NY State Assembly Member Jeffrion Aubry speaks at a press conference announcing the HALT Solitary Confinement Act. Photo: Bernadette Evangelista
NY State Assembly Member Jeffrion Aubry speaks at a press conference announcing the HALT Solitary Confinement Act. (Photo: Bernadette Evangelista)

“I’m here in a steel coffin,” Jessica Casanova’s nephew wrote to her from an isolation cell. “I’m breathing, but I’m dead.” Her nephew, she said, “has never been the same” after spending time in solitary confinement, and his experience compelled her to speak out for the thousands held in extreme isolation in New York’s prison and jails.

Casanova was one of half a dozen speakers at a press conference held on Friday to announce the introduction of a bill in the New York State legislature that would virtually end the use of solitary and other forms of isolated confinement beyond 15 days. The bill, called the Humane Alternatives to Long-Term (HALT) Solitary Confinement Act, aims to bring sweeping reform to a state where nearly 4,000 people are held in 22-to 24-hour isolation on any given day in more than 50 prisons, with at least a thousand more in solitary in local jails.

Activists from the New York Campaign for Alternatives to Isolated Confinement (CAIC), which hosted the press conference and worked with the sponsors to draft the bill, encouraged those arriving for the mid-morning event at Greenwich Village’s Judson Memorial Church to try samples of “the Loaf.” The dense, bread-like substance, made from flour, milk, yeast, grated potatoes and carrots, is served with a side of raw cabbage as an additional form of punishment for those held in solitary confinement in New York’s prisons.

Introducing the speakers, Claire Deroche of CAIC and the National Religious Campaign Against Torture called the bill “the most comprehensive and progressive legislative response to date to the nationwide problem of solitary confinement in our prisons and jails.” In addition to placing a 15-day limit on solitary, the bill would create new alternatives for those deemed a longer-term safety risk to others, replacing the punishment and deprivation of New York’s “Special Housing Units” (SHUs) with a more rehabilitation-minded approach.

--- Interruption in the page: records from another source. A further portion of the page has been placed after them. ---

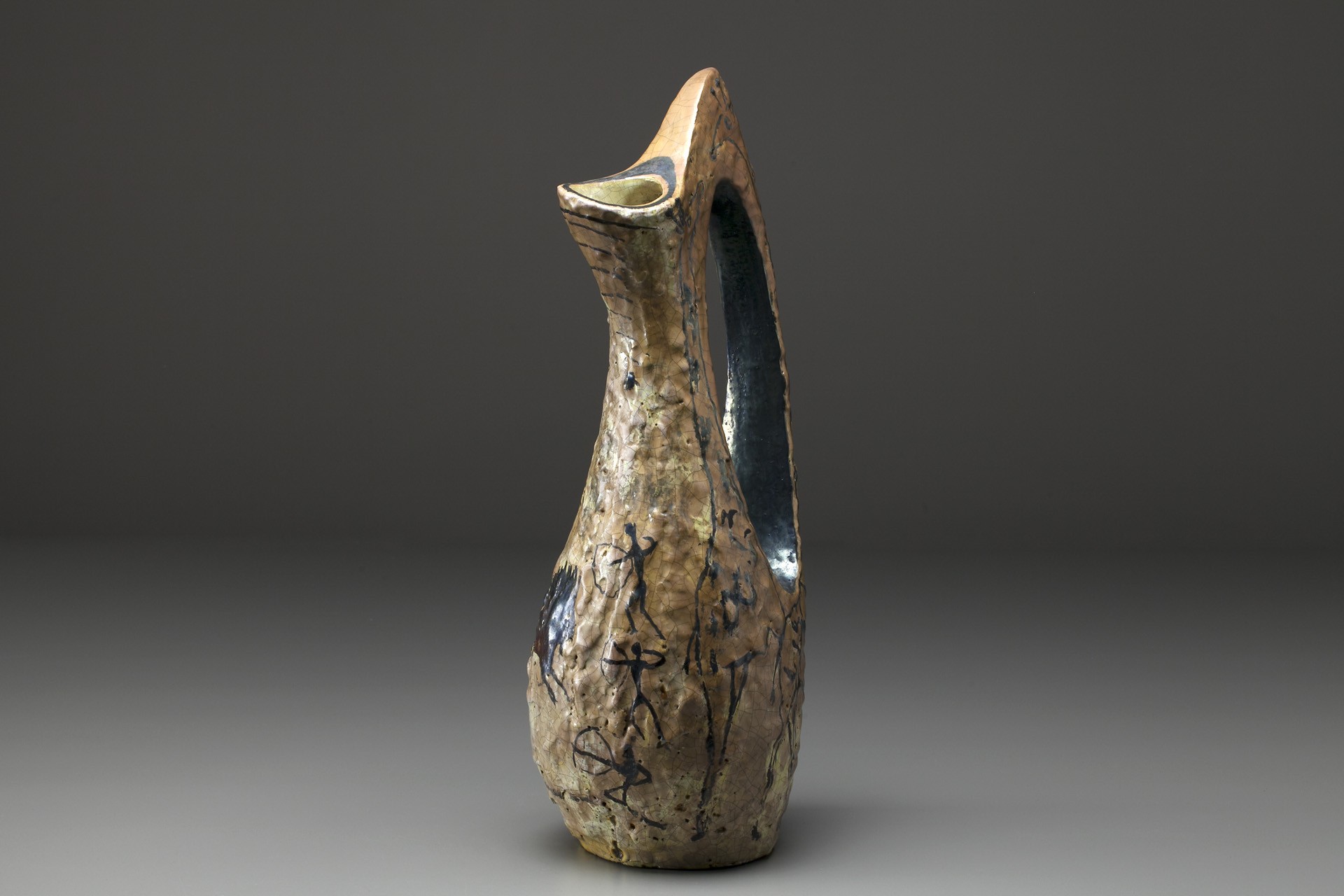 Vase image 4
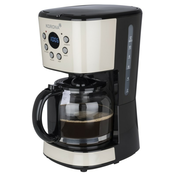 KORONA Korona Electric Coffee Machine 10666 Krema, (20830862)
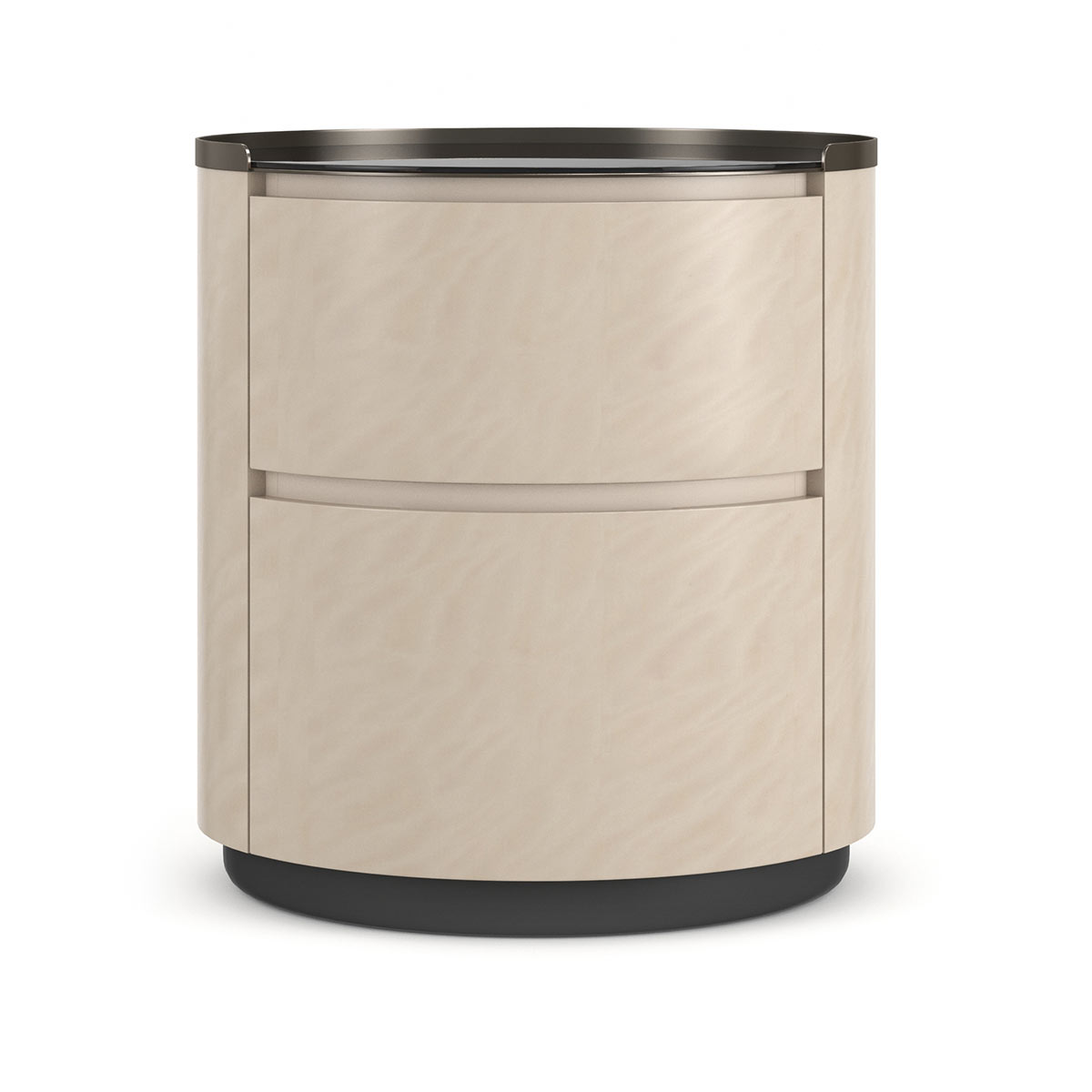 Muse Nightstand - Image 6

The bill is being sponsored in the Assembly by Jeffrion Aubry (D, Queens), called solitary confinement “an issue whose time has come.” Aubry, who also sponsored the 2008 SHU Exclusion Law, which limited the use of solitary on individuals with serious mental illness, said it was time to set standards for treatment of all people in prison, regardless of their offenses. “I don’t believe that having committed a crime suspends your human rights” said Aubry. “That’s not the America I want to live in. That’s not the New York State I want to live in.”

The legislation’s Senate sponsor, Bill Perkins (D, Harlem) pointed out that solitary is increasingly being seen as a “moral issue” and a “crime against humanity.” The 15-day limit set by the bill conforms to recommendations made by UN Special Rapporteur on Torture, Juan Méndez, but far surpasses restrictions currently placed on solitary in any American prison system. Perkins expressed his hope that the bill would find supporters in both bodies of the legislature, and that “the governor will work with us.”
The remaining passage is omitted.